Map reduce is the core technology of Hadoop and is the backbone of big data and Hadoop framework. This technology works in conjunction with HDFS (that is another core component of Hadoop framework). Map Reduce works as a data analysis tool whereas HDFS works as data Storage system. The combination of data analysis and data storage makes Hadoop more efficient to work with Big Data and is a very good example of unstructured data analysis tool.
Map reduce is mainly a software or an API based framework that is used for writing the jobs for analyzing the data, it also analyze various structured and unstructured data but the quantity is huge.
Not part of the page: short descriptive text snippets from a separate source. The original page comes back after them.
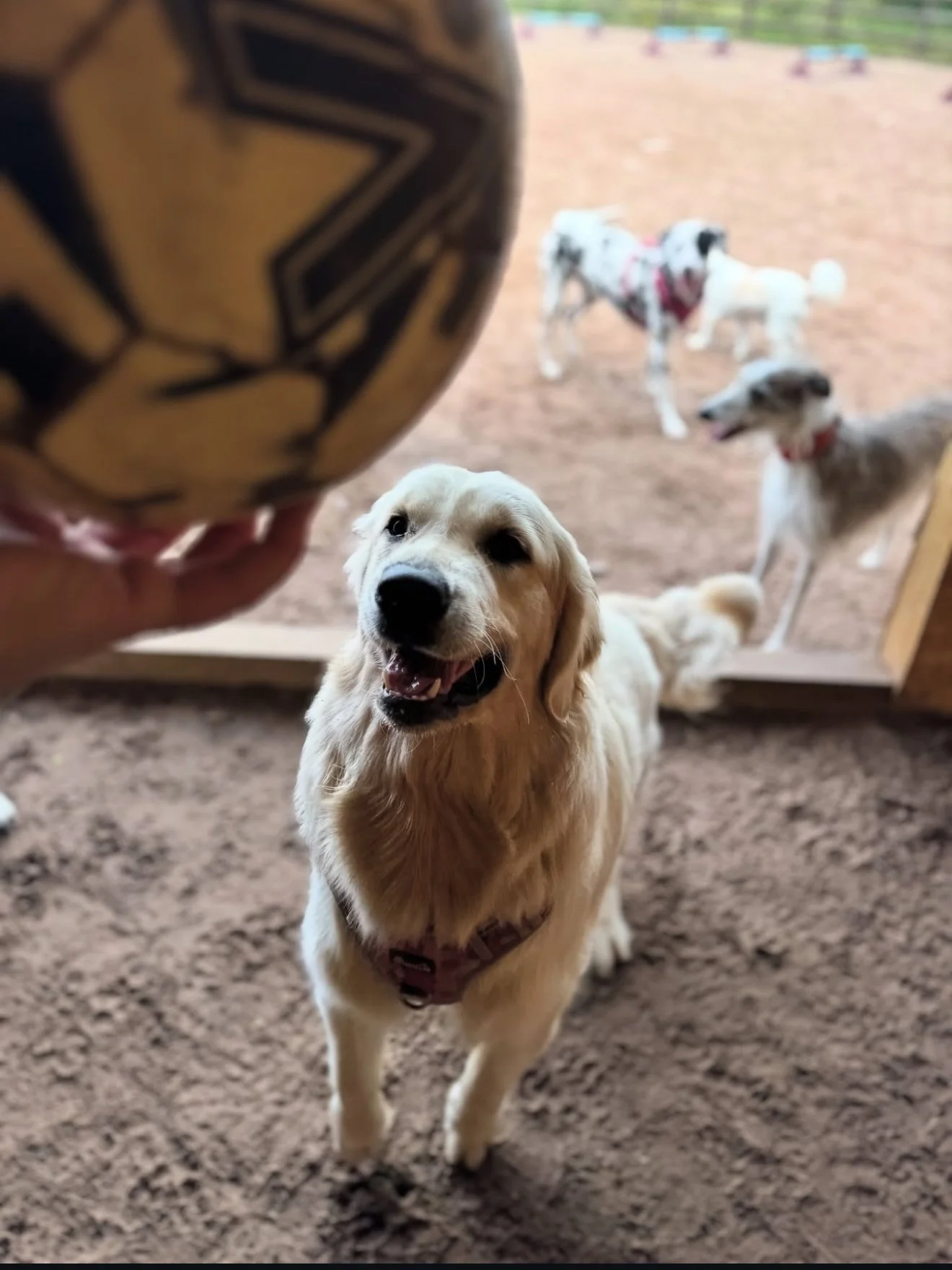 Voted the best dog park in Staffordshire — private, secure, and loved by hundreds of local visitors.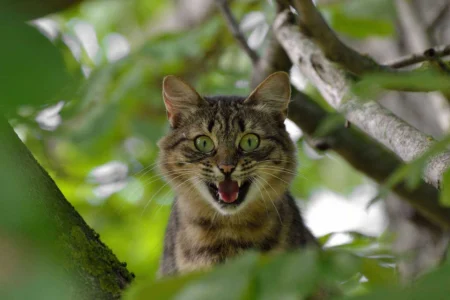 Cat Territorial Marking Solutions: The Complete Guide to Managing Marking, Spraying, and Territorial Aggression Cat Territorial Marking Solutions: The Complete Guide to Managing Marking, Spraying, and Territorial Aggression
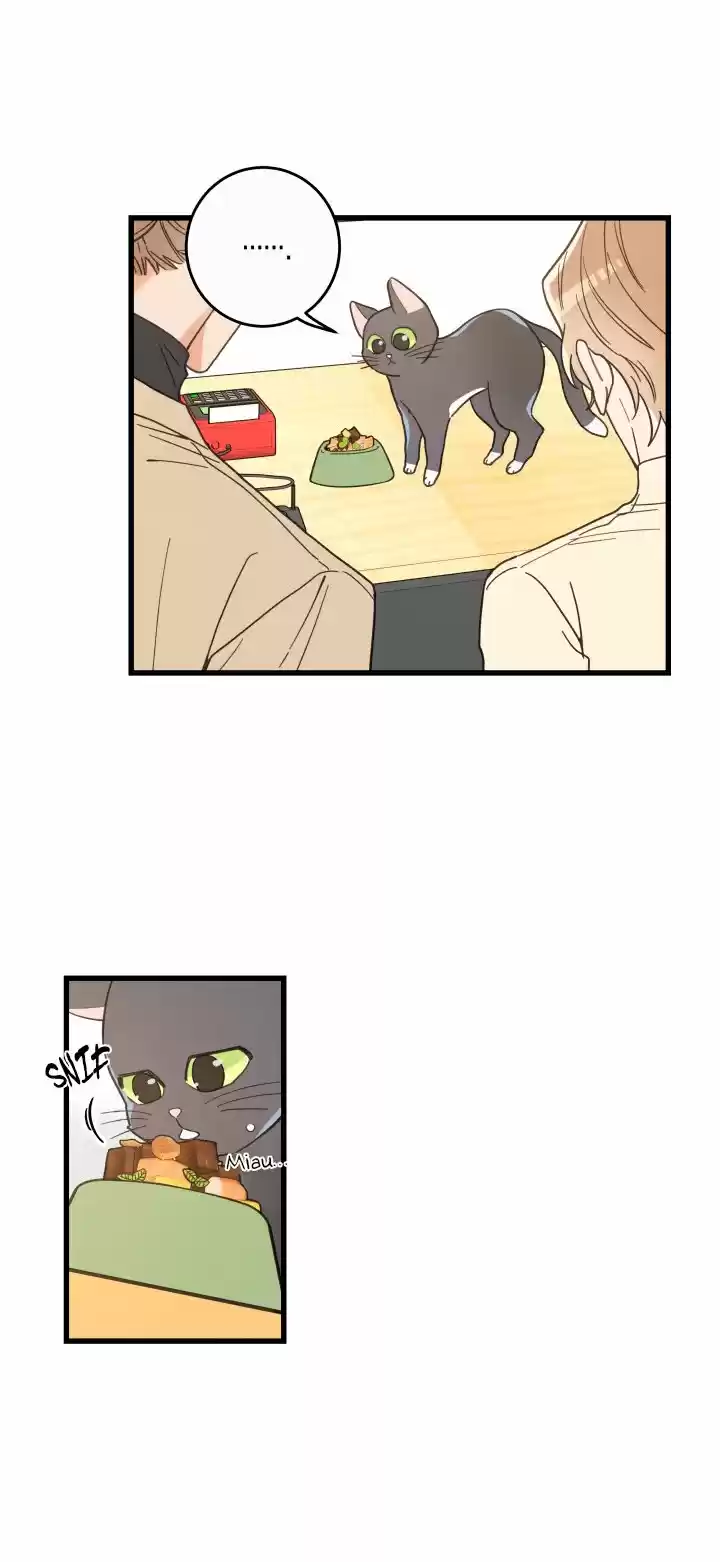 Mi único gato (2019) - Capítulo 21 - Página 41 - LectorTMOo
The core functionality of Map and Reduce programming is that map and reduce functions directly works on data and the MAP and REDUCE functions are moved to the data, for analyzing data rather than data moving to the functions, that helps saving time, hardware capacity, making hardware more efficient and conserves bandwidth utilization.
Let’s discuss about basic functionality of these two core functions-:
It takes the data in the form of key value pairs and emits the data again in key value pairs. The output of the Mapper functions is fed into the input of reducer function. The mapper function is capable of doing analysis with the help of filter and sorting functions and with these functions it yields a set of tuples with key-value combination.
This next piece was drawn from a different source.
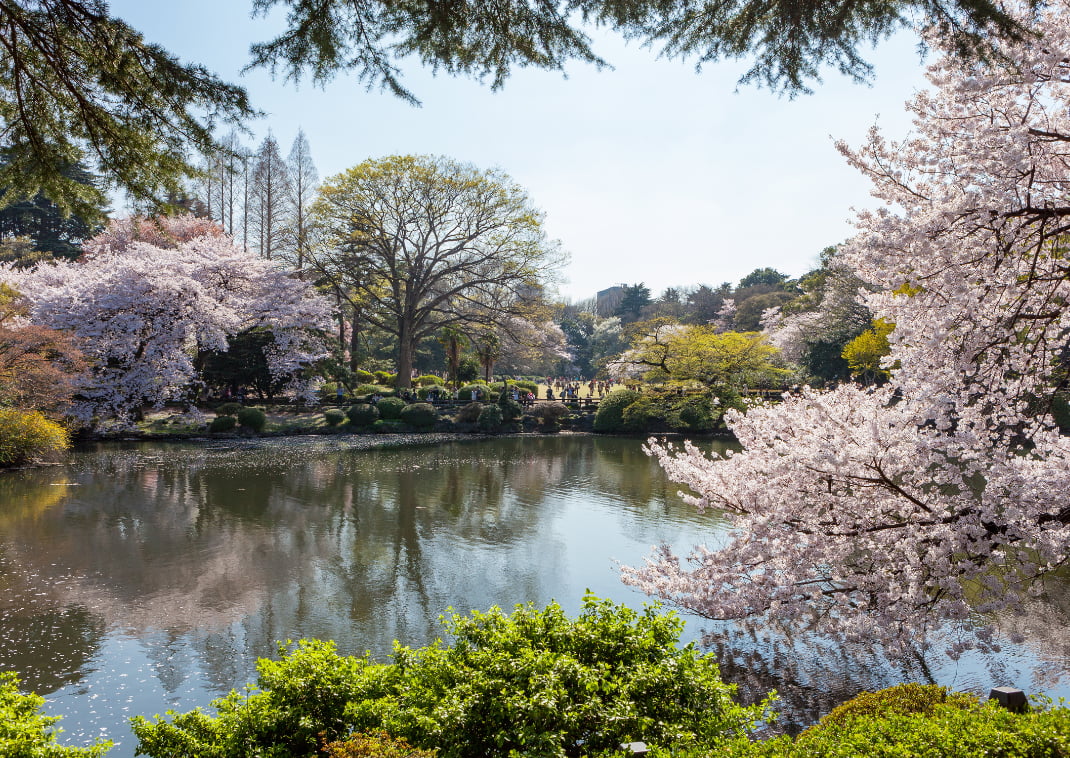 Conoces los cerezos en flor de Japón? - Blog de Hanyu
It takes emitted output of Mapper function as the input and performs a summary. The operation may be any function like summation function for analysis purpose or any other function that is well suited for a particular problem statement. The functions are designed according to the problem statement and algorithm.
The output of the job is the total count of how many times a word has occurred in a particular sentence of a particular paragraph or any file that is fed to the Map-Reduce function and the Map-Reduce job will work over this particular input.
Hands on with Map-Reduce Programming and Some Technical Aspects of it
The Map-Reduce framework operates on key-value pair and the framework views the input given to the job as a key and value pair. The prime restriction of the key-value classes is that they need to be serializable by the framework itself so for that each mapreduce job has to implement writable interface.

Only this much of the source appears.